Western journalists, such as Edgar Snow and Ernest Hemingway, created the heroic image of Mao as a Chinese Robin Hood. In his 1938 classic, Red Star over China, Snow gave Mao an international audience.
Corruption and warlordism
By the end of World War II, Japan had been defeated, leaving its military machine in Mao’s hands, and the Nationalist leader, Chiang Kai-shek, was exhausted by years of war, corruption and warlordism.
In contrast, Mao had been bankrolled and armed by Moscow, assiduously supported by fellow-travellers and communist parties in the West, and by adopting the image of a Chinese intellectual was seen as a moderniser and democrat.
The scene was now set for his conquest of China, which was achieved through a combination of military ruthlessness, the promise of land to the landless peasants, and widespread disgust at the nepotism and corruption of the Nationalists.
Once he had seized power in 1949, Mao exceeded even his most bloody predecessors in an orgy of terror, while wearing the drab “Mao suit” which became synonymous with the austerity of the Maoist revolution.
A life of political struggle left Mao with disdain for the symbols of wealth, but he was obsessed with opulent villas and insisted on being surrounded by beautiful (and available) women.
As the authors show, he ruled China with an iron fist, and as a result of his constant purges – dressed up in slogans like the “Hundred Flowers” campaign, the “Great Leap Forward”, the “Great Proletarian Cultural Revolution”, the campaign against “The Gang of Four” and others – well over 70 million Chinese people were murdered or starved to death over a 30-year period.

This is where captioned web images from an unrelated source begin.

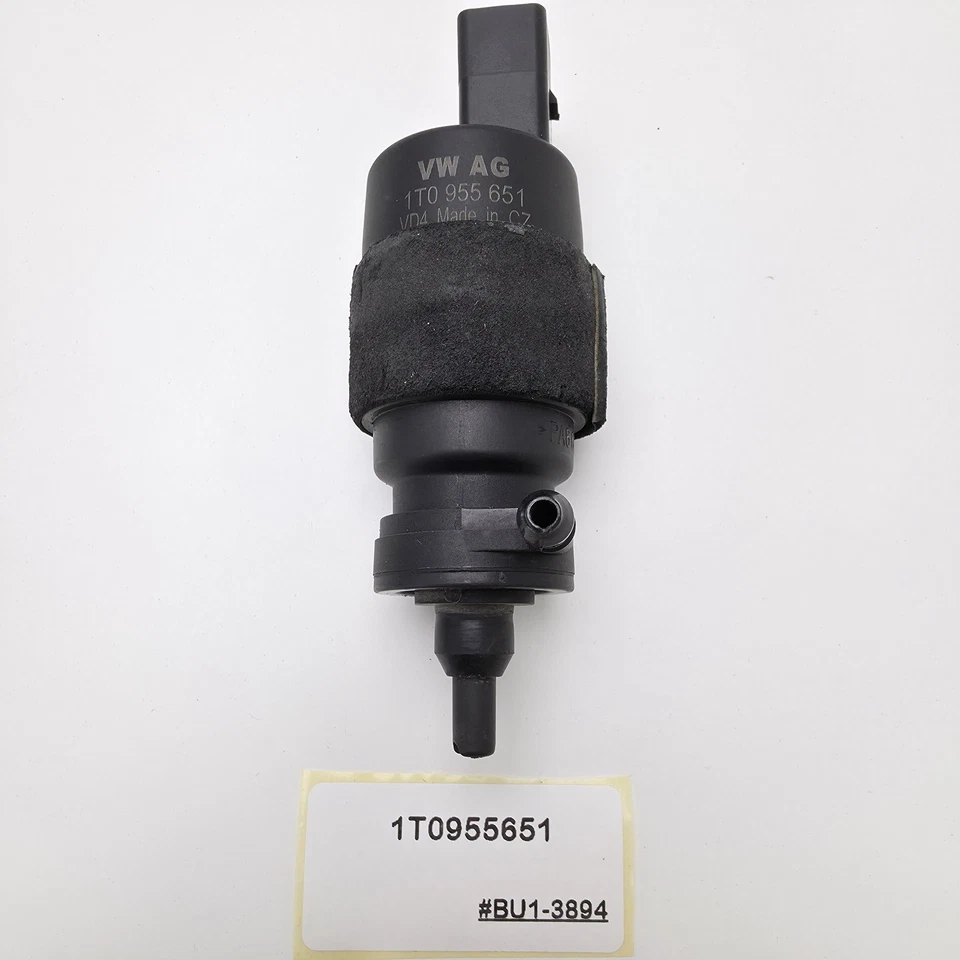 Bomba lavadora parabrisas BMW 323is 1998-1999 1T0955651 Foto 1 de 4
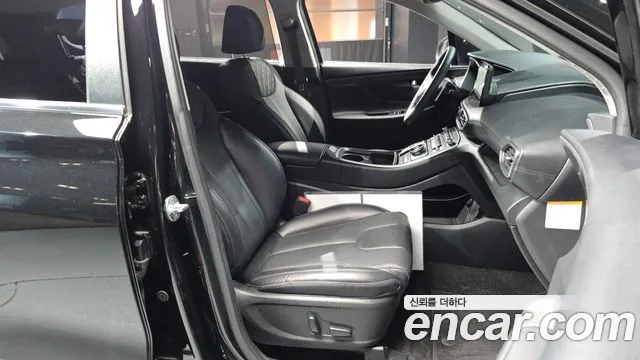Hyundai Santa Fe Santa Fe (New) — Фото автомобиля 18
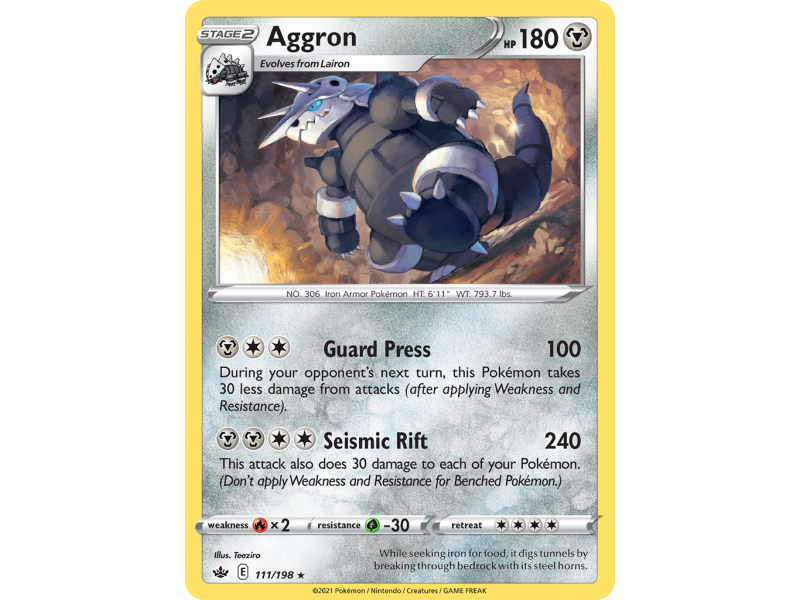 Aggron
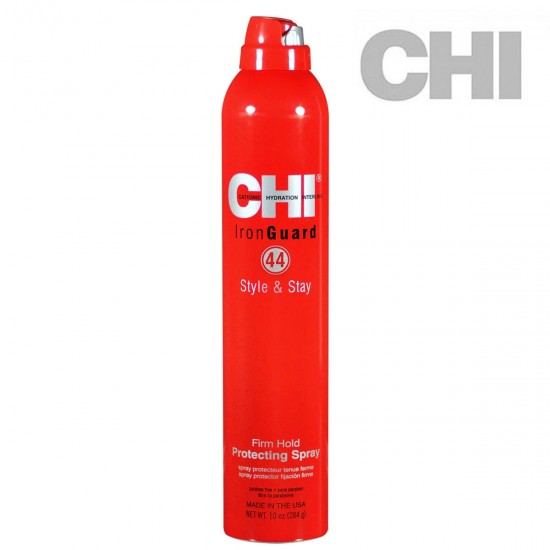 CHI 44 Iron Guard Firm Hold protecting spray 284g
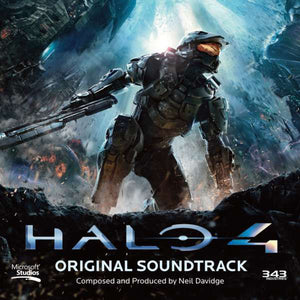 SOUNDTRACK | HALO 4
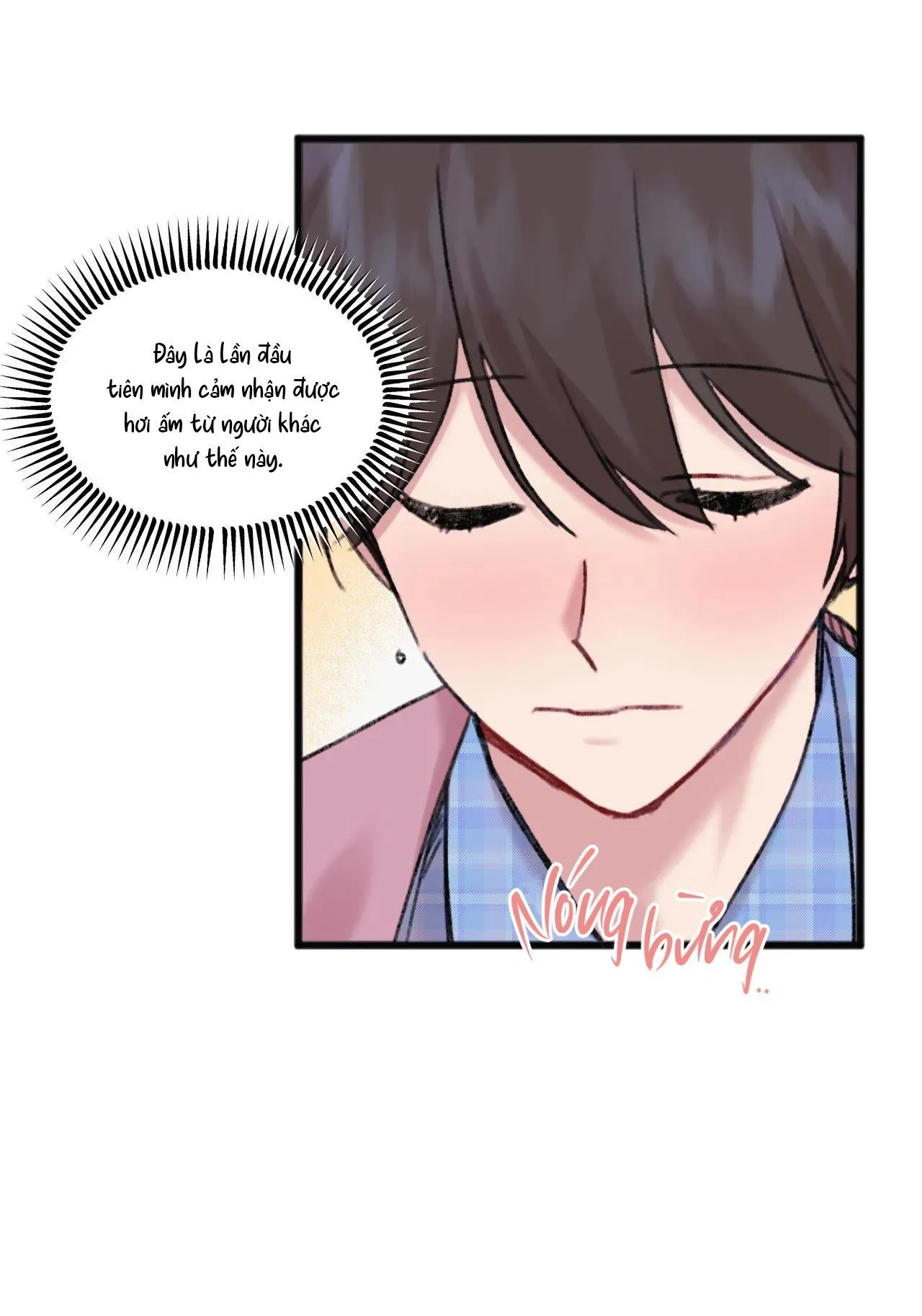 Anh Thật Sự Thích Em Sao Chapter 10 Trang 17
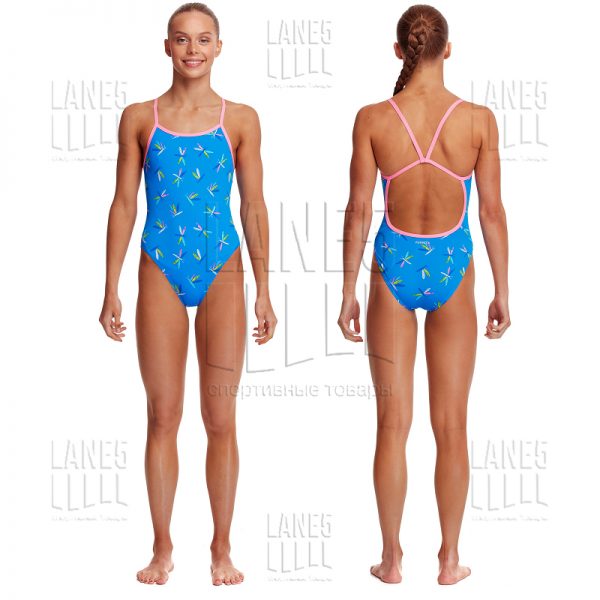 FUNKITA Buzz Bird Купальник для бассейна детский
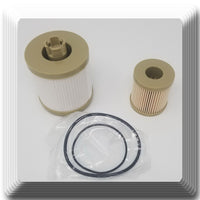 Lot 3 x Kit of 3 Oil & Fuel Filter Fits:F250 350 450 550 650 750 Excursion 6.0L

Ultimately, that redoubtable Cold Warrior, US President Richard Nixon and his National Security Adviser Henry Kissinger fell over themselves in legitimising Mao.
At Nixon’s first meeting with Mao in 1972, the US President enthused, “The Chairman’s writings moved a nation and have changed the world”, while Kissinger gushed, “I used to assign the Chairman’s collective writings to my classes at Harvard!”
Hold over Western intellectuals
Mao’s hold over generations of Western intellectuals had consequences which are with us to the present day – witness the 1960s “cultural revolution”, Pol Pot, the Malayan Emergency and, even today, various Latin American revolutionary movements. It is probably true that the guerrilla movements in countries like Iraq also owe something to his tactics.
Mao: The Unknown Story is a tour de force. The story which still needs to be told is how so many of the Western intelligentsia fell over themselves in genuflecting to “The Great Helmsman”, while his sole surviving legacy is one-party dictatorship in China.